GIVEN ENTRIES ->
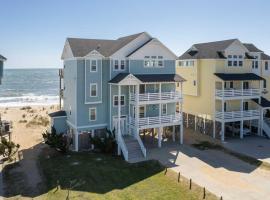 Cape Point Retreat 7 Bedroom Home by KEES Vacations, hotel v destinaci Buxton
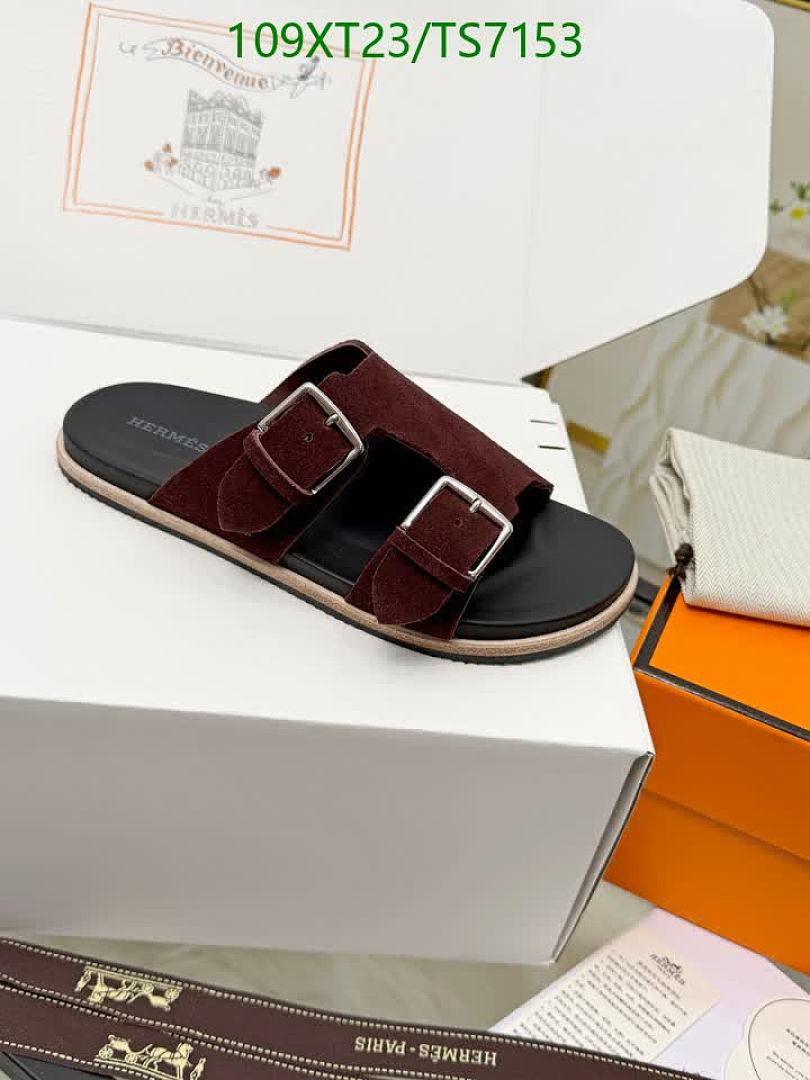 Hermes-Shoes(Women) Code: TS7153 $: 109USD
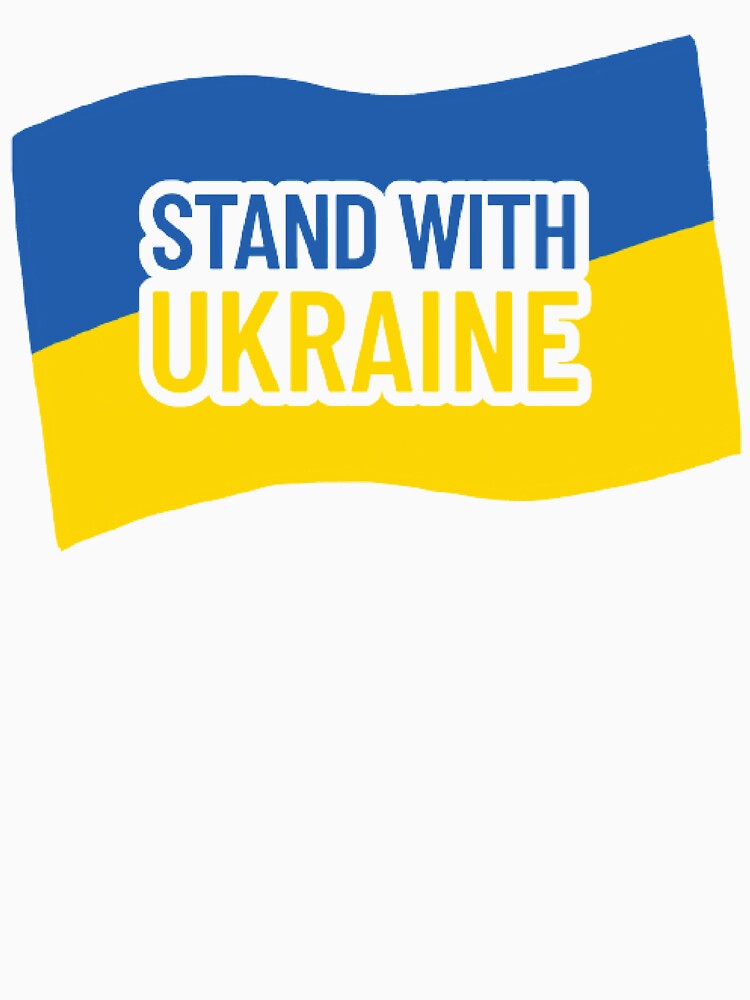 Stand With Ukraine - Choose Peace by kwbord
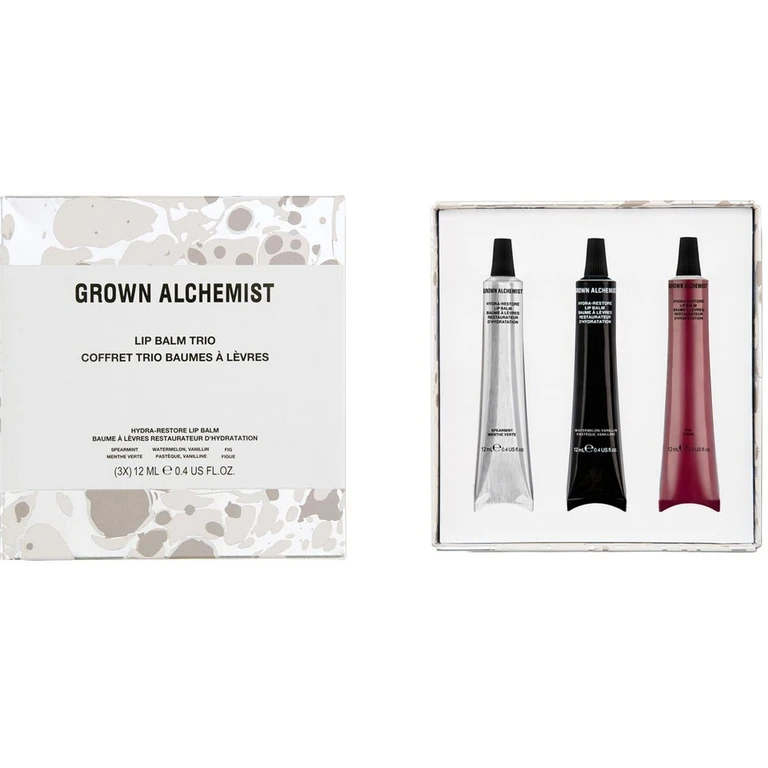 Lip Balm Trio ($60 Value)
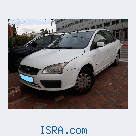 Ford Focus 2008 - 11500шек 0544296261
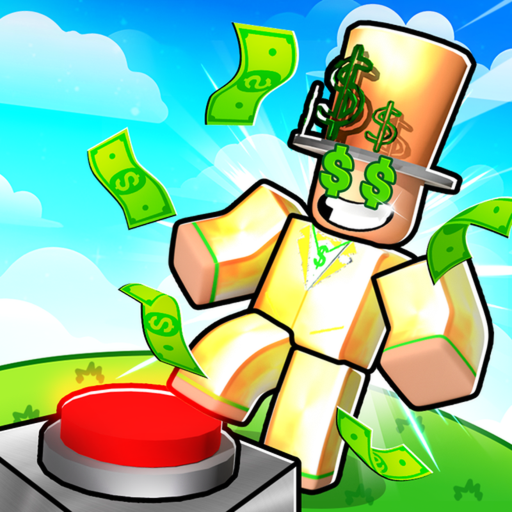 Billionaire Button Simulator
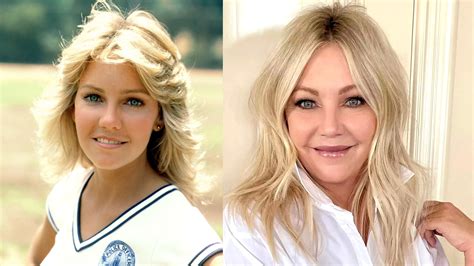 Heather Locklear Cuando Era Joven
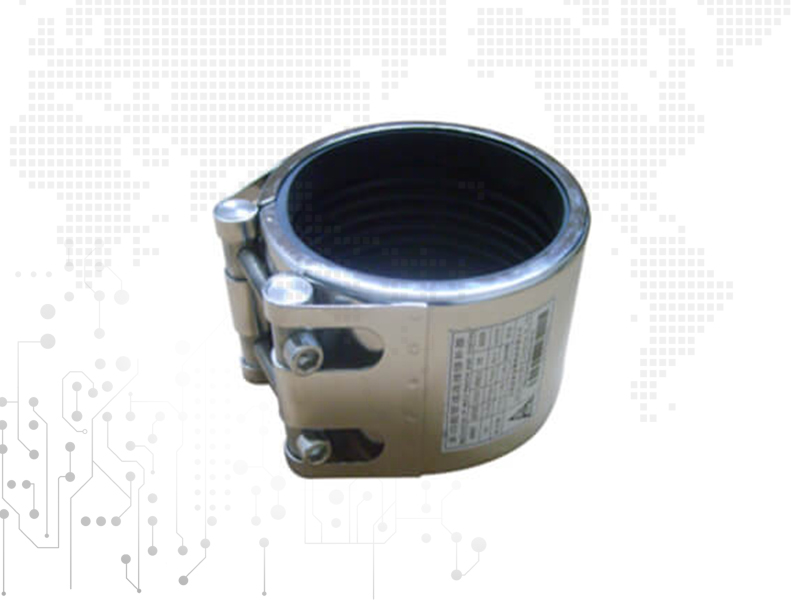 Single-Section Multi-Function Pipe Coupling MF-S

WORK TO BE COMPLETED ->
Every line from the one with "Ford Focus 2008 - 11500шек 0544296261" through the last line of the material gets printed exactly, and nothing more. Omit the pictures.

FINISHED EXERCISE ->
 Ford Focus 2008 - 11500шек 0544296261
 Billionaire Button Simulator
 Heather Locklear Cuando Era Joven
 Single-Section Multi-Function Pipe Coupling MF-S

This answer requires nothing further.